映画は時代の空気や、世代の感覚を伝え続ける、面白くて大切な文化だと思います。KINENOTEとこのブログに、見た映画の感想を記録しています。

新海誠監督「言の葉の庭」1302本目

新宿御苑
じつは中はちゃんと入ったことなかったなぁ。今度雨の日に行ってみようかな。

この監督は、絵を描くことがすごく好きなんだろうな。ますます美しく精密で、なにかを目指して恐ろしく遠いところまで行こうとしてる感じがする。今回は水の表面の表現を死ぬほどがんばってる。

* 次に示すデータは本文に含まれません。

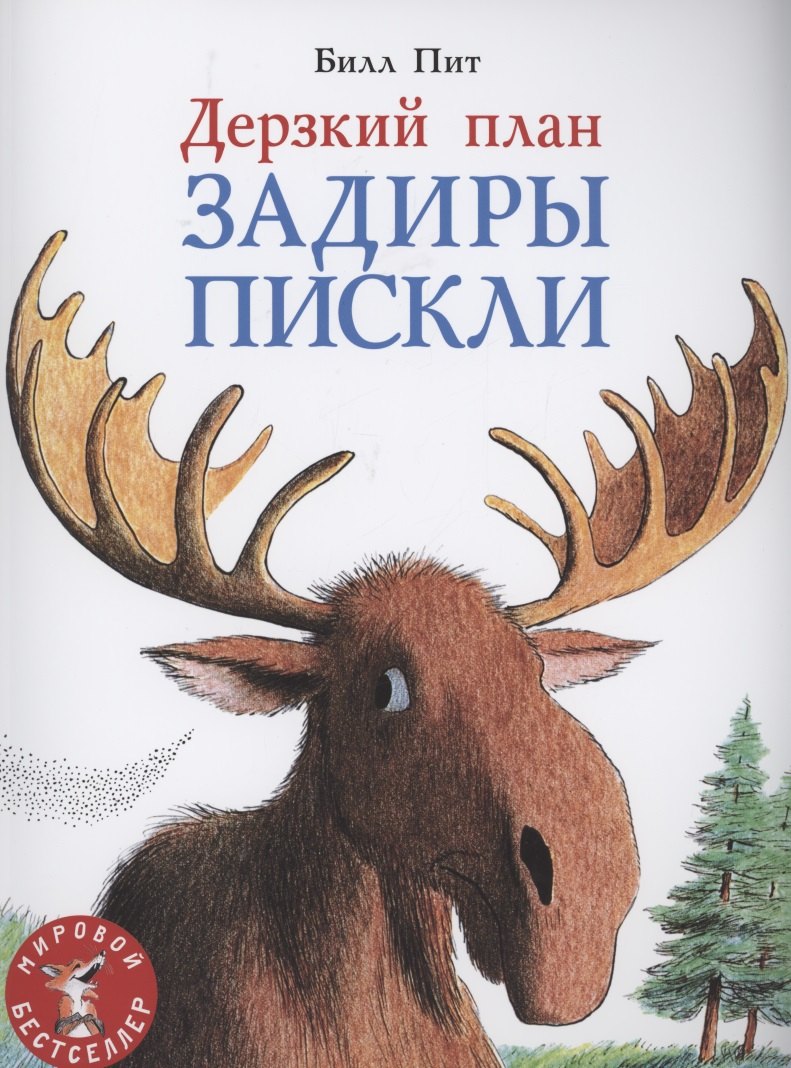 

Дерзкий план Задиры Пискли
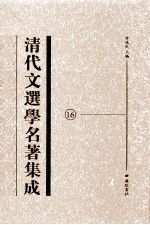 清代文选学名著集成 16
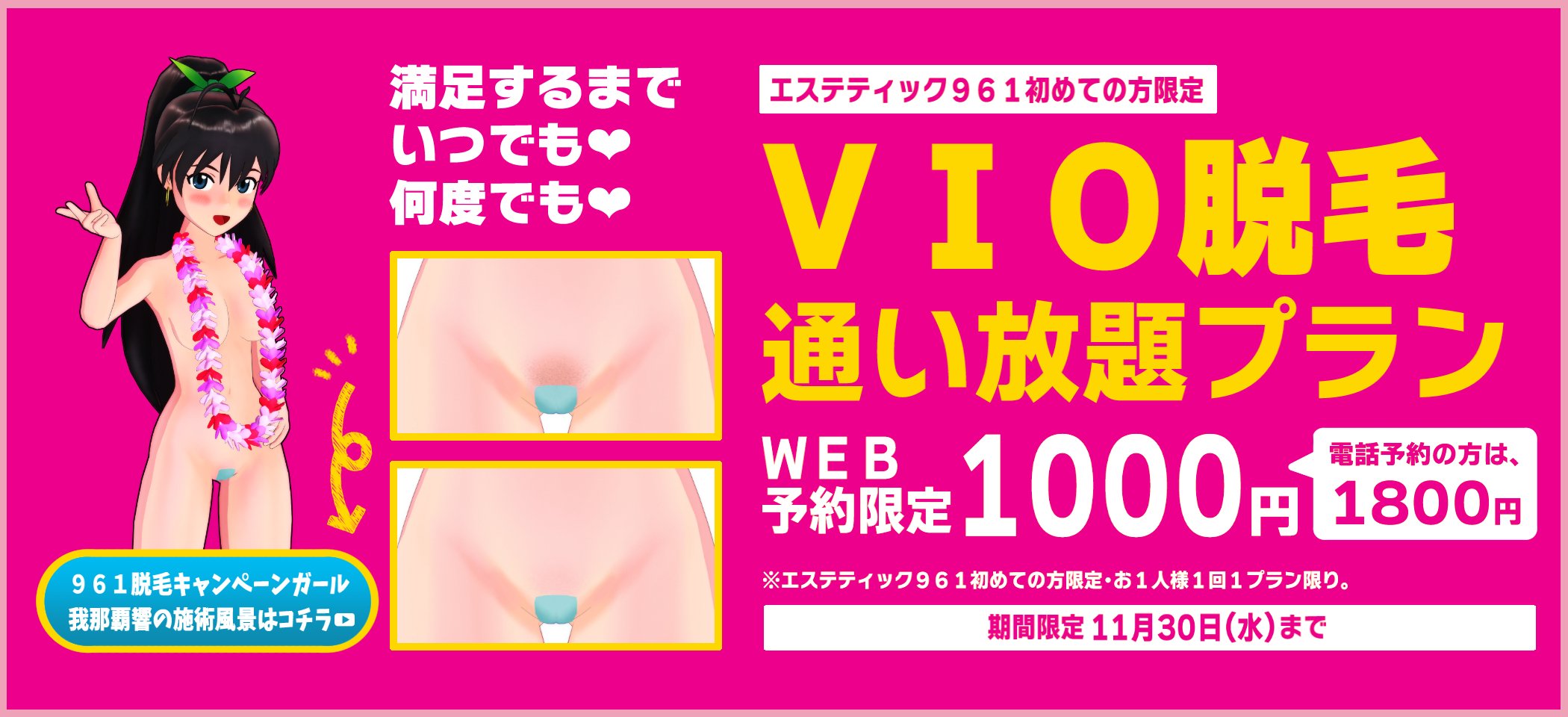 VIO脱毛を終えた妹 | chichi-pui（ちちぷい）AIグラビア・AIフォト専用の投稿＆生成サイト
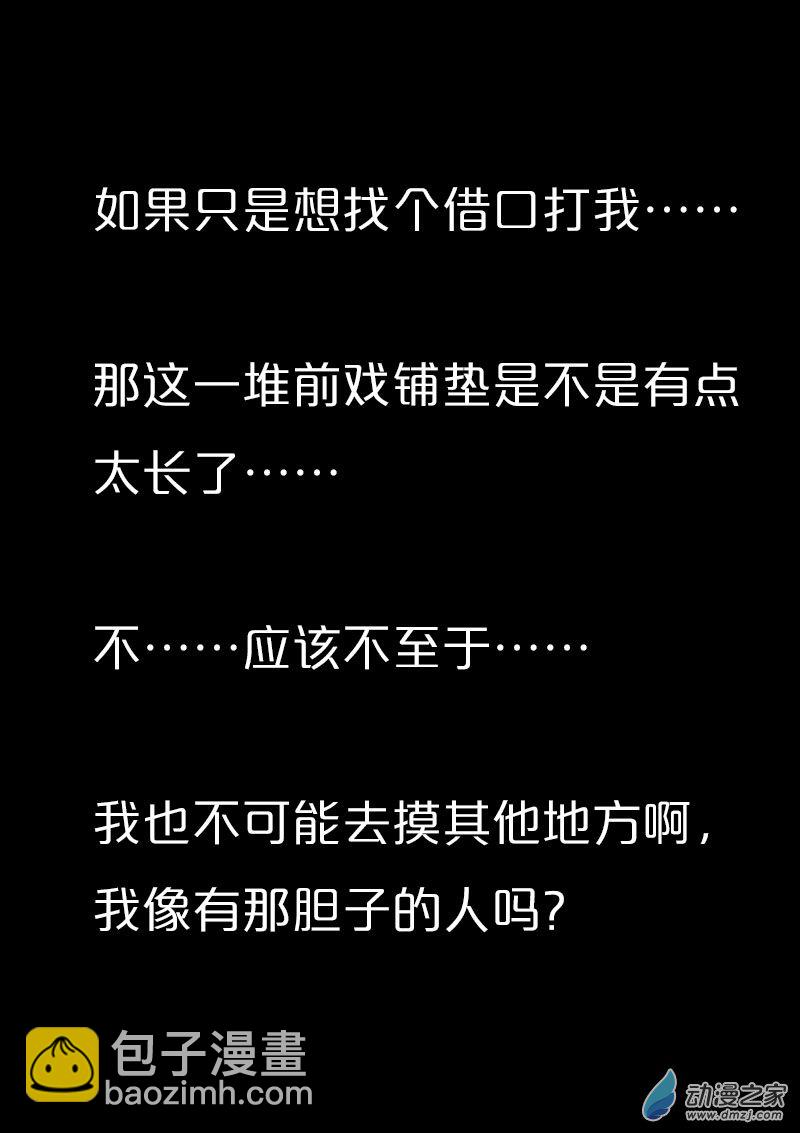 🍻非影Q的超记事簿 第549话 第3页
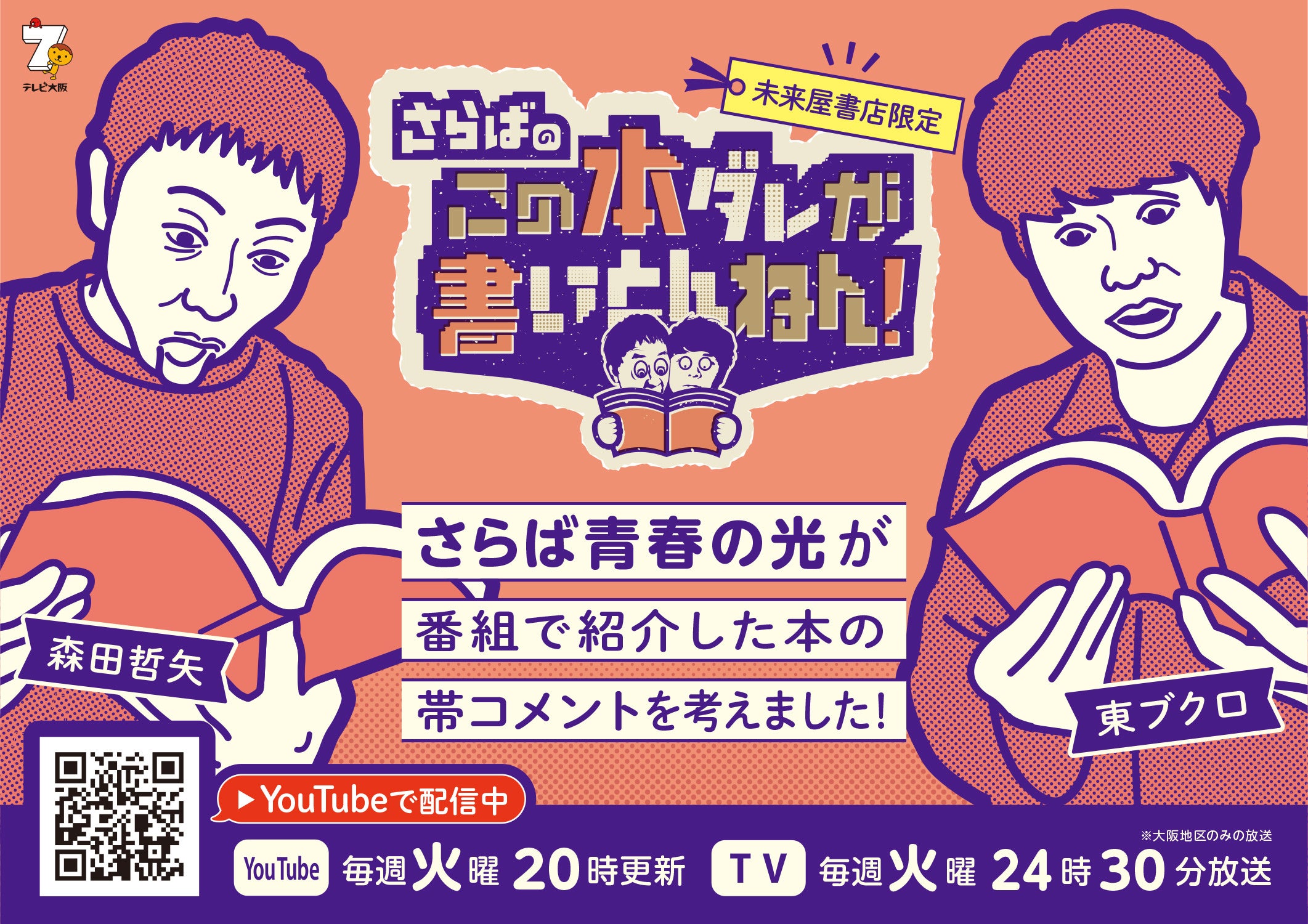 さらば青春の光 雑誌 13冊 さらば青春の光の会長はねこである | さらば青春の光, 会長 |本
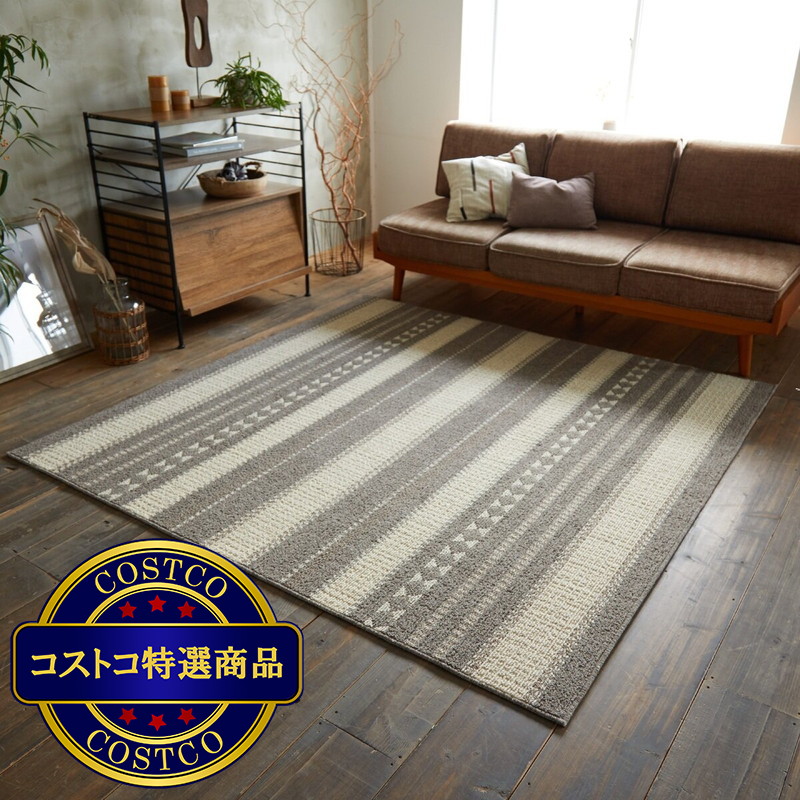 (コストコ) グランウール カパ ラグ 130x190cm - 画像 (4)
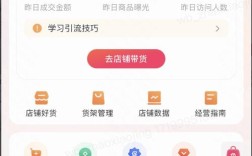 24小时自助点赞服务，快手官方自助服务业务平台全新上线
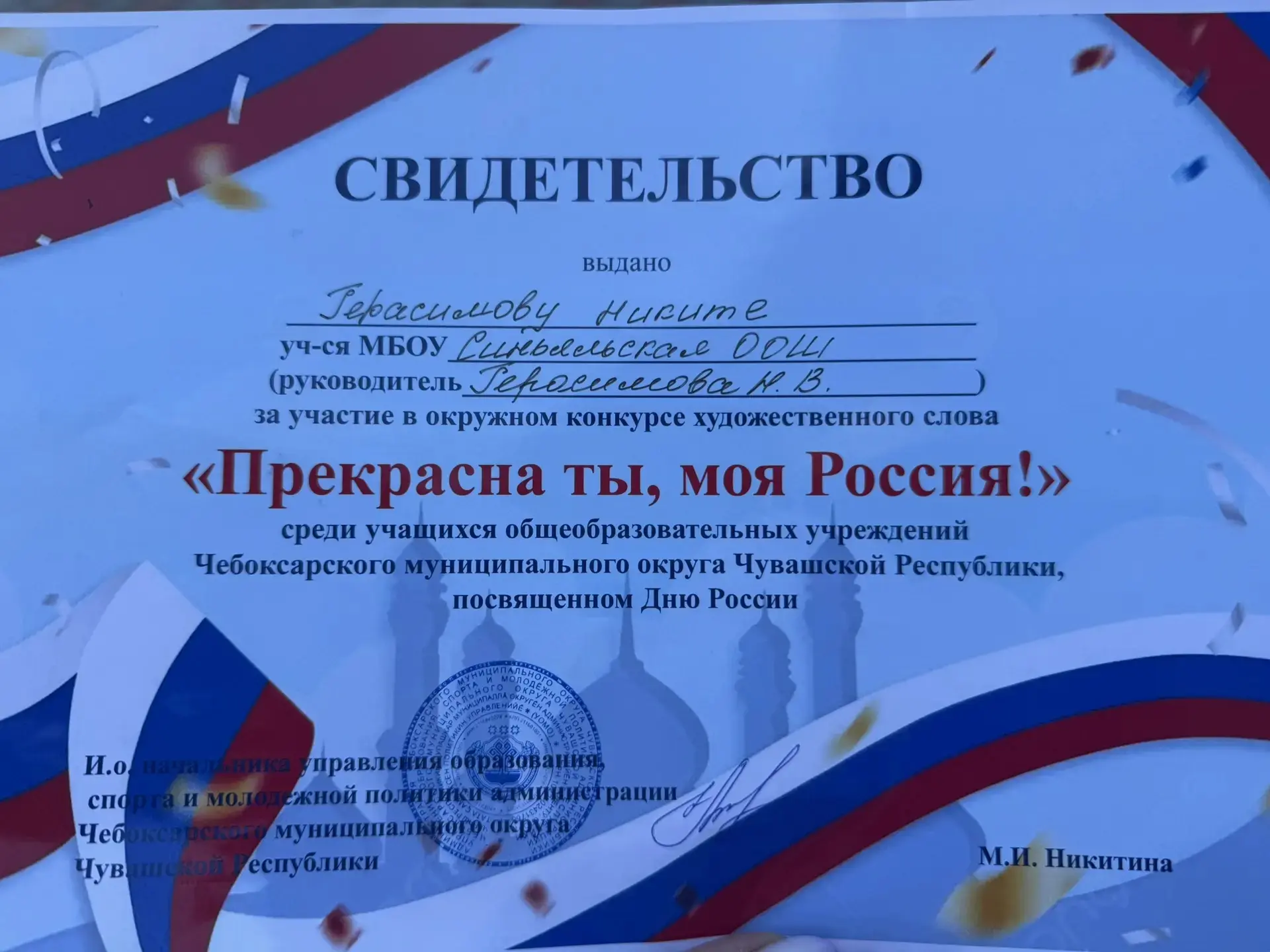 Прекрасна ты, моя Россия! 🇷🇺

いくつも作品を見ていって、監督の思いや性格がすこーしずつわかってくるにつれて、なんとなく悲しくなってくる。素敵な人に直接向き合うんじゃなくて、側で見ているだけで、ずっとずっと思っていることが好きなんだろうな。公園でたまたま出会った誰かに向けて自分の思いを尽くす、というようなことをひたすらイメージしていることが。彼自身が少しだけ、作品が受け入れられるにつれて開いてきて、泣き叫んで抱き合うことができるようになったけど、その先はまだない。遠くにいて思っているだけ、という安心できる場所に戻ってきている。

安心して一緒にいて幸せになれる場所に、早くたどり着ければいいのに。